Esse pressuposto exige a identificação de matérias-primas que atendam ao requisito de similaridade; o desenvolvimento de tecnologia de refino; a definição da logística de distribuição do biocombustível – já que o consumo de combustível para aviação se concentra na região sudeste e as áreas produtoras de matéria-prima espalham-se pelo interior do país –; e o teste efetivo de sua aplicação.
Nessa corrida tecnológica, o Brasil tem papel importante, já que tem tradição no uso de etanol e biodiesel, sublinha Lacava. Uma série de pesquisas estão em curso em diversas universidades e institutos de pesquisas, algumas delas no âmbito de um roadmap patrocinado pela Boeing, Embraer e Fundação de Amparo à Pesquisa do Estado de São Paulo (Fapesp).
O LCPE do ITA também contribui para o desenvolvimento dessas novas tecnologias por meio do projeto SCBTGA, implementado com o apoio da Financiadora de Estudos e Projetos (Finep), com recursos do Fundo Setorial Aeronáutico, no valor de R$ 1,7 milhão.
Este projeto soma-se à capacidade do LCPE de analisar as características fundamentais de combustão de combustíveis alternativos e seu uso em motores reais. “Para complementar nossa capacidade laboratorial, no projeto SBTGA estamos desenvolvendo um sistema no qual se possa testar o biocombustível em ambiente de câmara de combustão que simule uma aeronave em voo cruzeiro a 11 mil metros de altitude”, detalha Lacava.
O SBTGA é uma infraestrutura formada por duas câmaras de combustão. Uma delas é similar ao motor real, onde é possível analisar parâmetros termodinâmicos, a emissão de poluentes e composição dos gases combustão. A segunda é uma câmara de pesquisa com janelas de quartzo que, com o auxílio de técnicas ópticas, permite obter detalhes do processo de combustão, formação da mistura reativa, distribuição de temperatura na chama, formação de fuligem, entre outras características físicas e químicas da chama. “O uso das técnicas ópticas tem como objetivo entender a diferença entre a queima do querosene e a do biocombustível”, ele afirma. Trata-se de uma estrutura laboratorial única na América Latina. “Estamos nos aproximando de estrutura semelhantes já existentes na Alemanha e no Reino Unido”, compara Lacava.

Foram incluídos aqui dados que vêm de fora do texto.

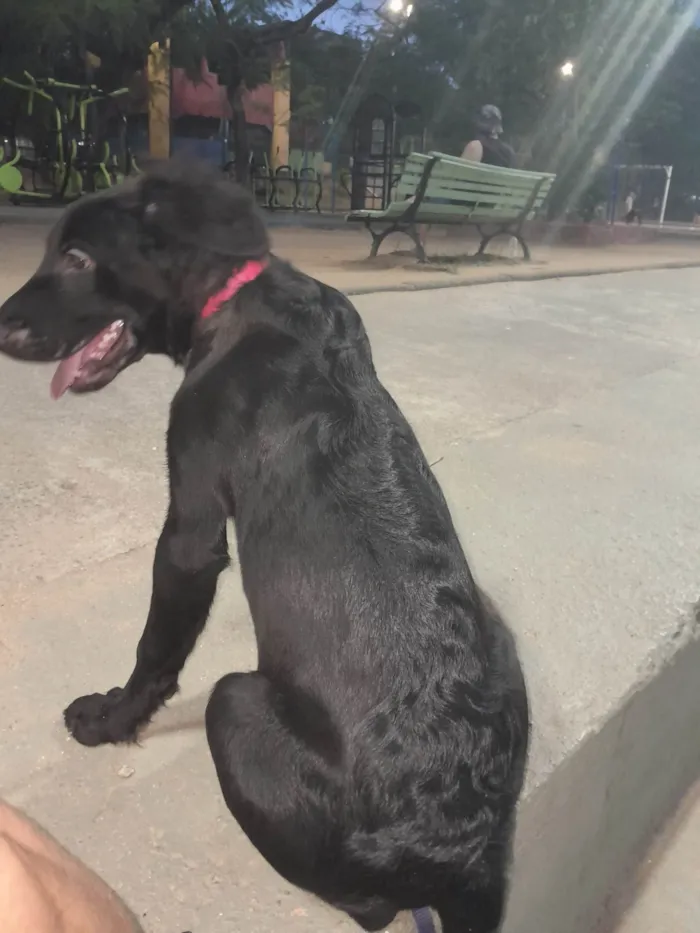 Cachorro ra a SRD-ViraLata idade 2 a 6 meses nome Lucky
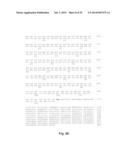 BOROPEPTIDE INHIBITORS OF ENTEROPEPTIDASE AND THEIR USES IN TREATMENT OF     OBESITY, OVERWEIGHT AND/OR DISEASES ASSOCIATED WITH AN ABNORMAL FAT     METABOLISM diagram and image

A célula de teste comporta o acoplamento de duas câmaras de combustão como citado, com operação de forma alternada. Alguns testes iniciais já foram realizados na célula de teste, mas a previsão para iniciar os ensaios oficiais é o final do mês de novembro de 2015. O combustível a ser testado deverá ser um bioquerosene cuja matéria-prima é o etanol. Mais duas câmaras estão sendo construídas com geometrias para minimização de emissão dos óxidos de nitrogênio (NOx), poluentes com emissão limitada no setor aeronáutico, que também serão testadas nesta montagem experimental.

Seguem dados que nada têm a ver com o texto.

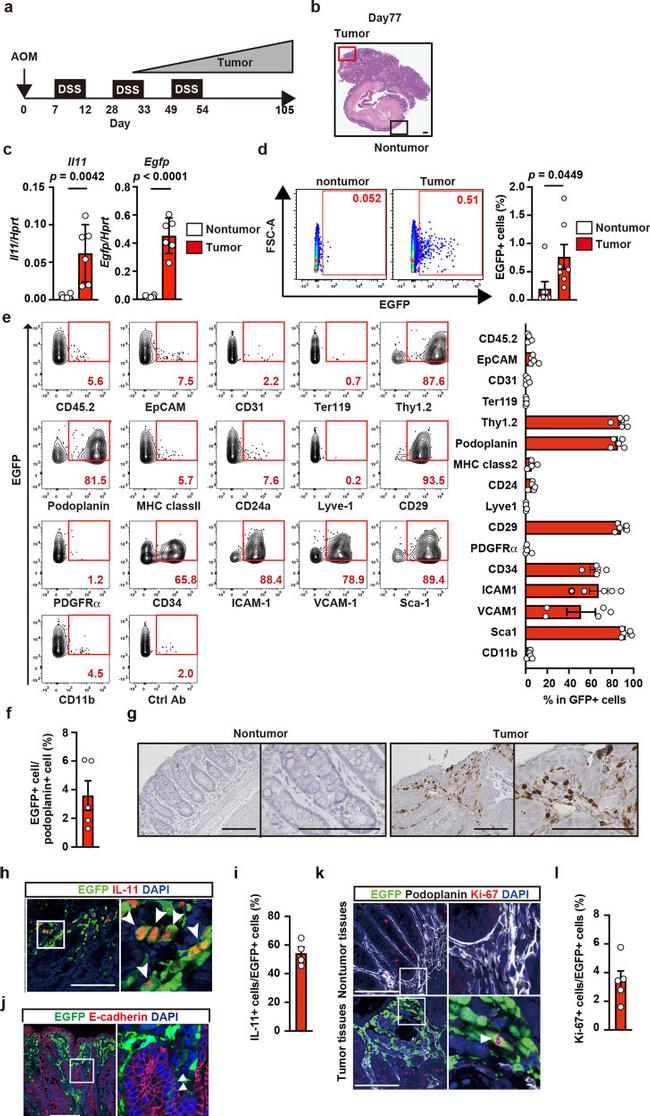 CD140a (PDGFRA) Antibody in Flow Cytometry (Flow)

Com a incorporação da célula de teste e a recente inauguração de um laboratório para levantamento de características físicas e químicas de combustíveis, o LCPE poderá oferecer, neste levantamento, as características dos combustíveis e realizar, desde experimentos fundamentais de combustão e de combustão em um ambiente similar e controlado de turbinas a gás, até ensaios em um motor real protótipo instalado no laboratório. A missão do laboratório, ele diz, é fazer pesquisa fundamental e dar oportunidade para teste dos biocombustíveis desenvolvidos pela indústria, universidades e institutos de pesquisa. “A certificação de um combustível aeronáutico é um processo muito caro, que exige um alto grau de certeza para reduzir o risco do investimento”.